In Maastricht, December 1991, the heads of state and government decided to create a Monetary Union but did almost nothing to establish an Economic Union. The Delors’ Commission in 1993 launched an ambitious long term Plan for growth and employment, but the Ecofin refused to issue the required Union Bonds. The Lisbon Strategy, launched in 2000, was a complete failure because it was founded on the illusion that cooperation among 27 national governments could happen spontaneously. The European Commission was not seen as a potential government of the economy but merely as the secretariat of the Council.

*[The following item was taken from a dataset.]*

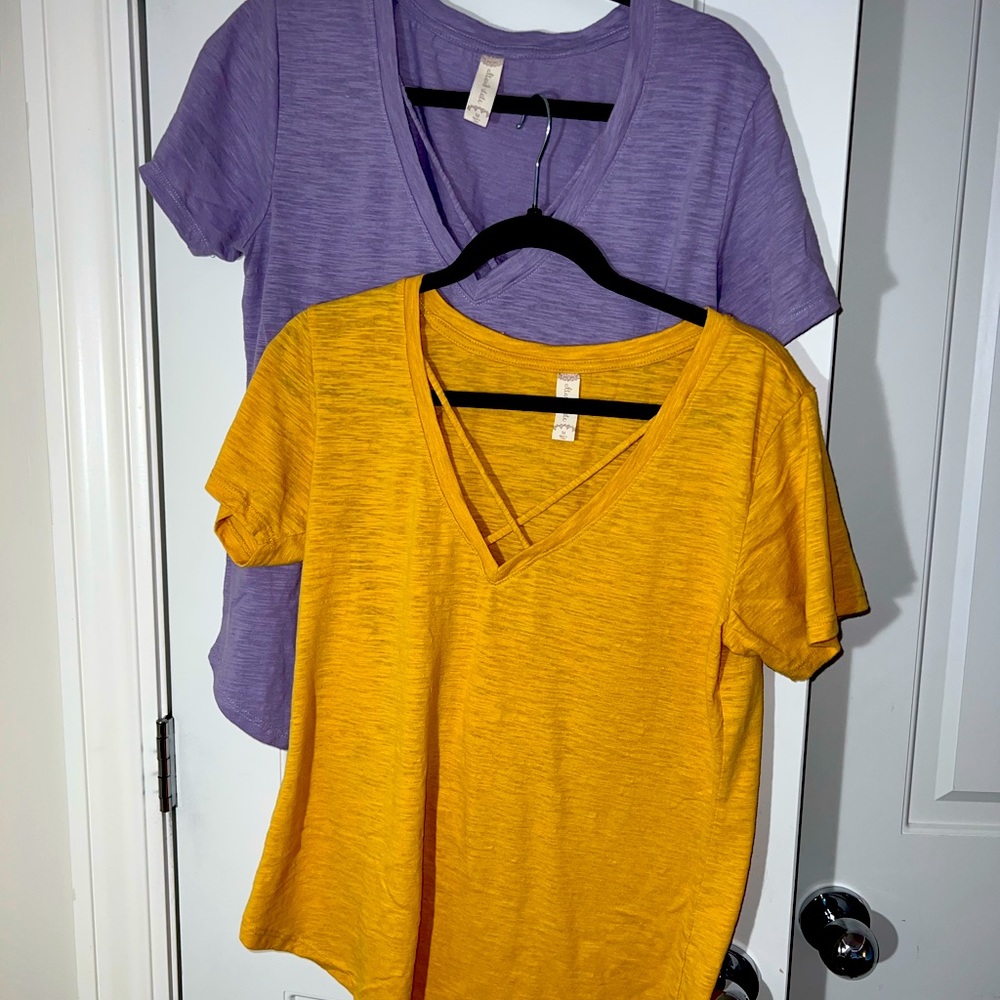 2-in-1 T-Shirts w/Front Cross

If the new Commission’s plan “2020” will not be financed by appropriate means, it is easy to forecast a new failure.
The time has now come to complete the EMU by establishing a fully-fledged Economic Union. Two parallel processes of reform of the EU institutions are on the table today: reform of the Growth and Stability Pact and reform of the Community budget. These two reforms are to be merged because the EMU can work only if supported by a fiscal union within which it is possible to decide how much to allocate to purely European projects (i.e. European public goods) and how much to national projects (i.e. national public goods). The global economic crisis has greatly worsened the state of European public finance. Taxpayers will be compelled to face new sacrifices for years ahead. The voice of the European citizens and their representatives cannot therefore be ignored.
We need a fresh pact between the citizens of the EU, from Germany to Greece, from Finland to Portugal, setting out the principles of a new fiscal responsibility and solidarity. To achieve this historic agreement, national parliaments should be involved in the reform process, along with the European Parliament, the European Commission and the national governments. The European Parliament – which defined the EU as a supranational democracy – should therefore promote an Inter-Parliamentary Conference (on the model of the “Assises”, convened in Rome in 1990) in order to exploit all the possibilities of the Lisbon Treaty and to propose the rules for an effective European Government of the Economy.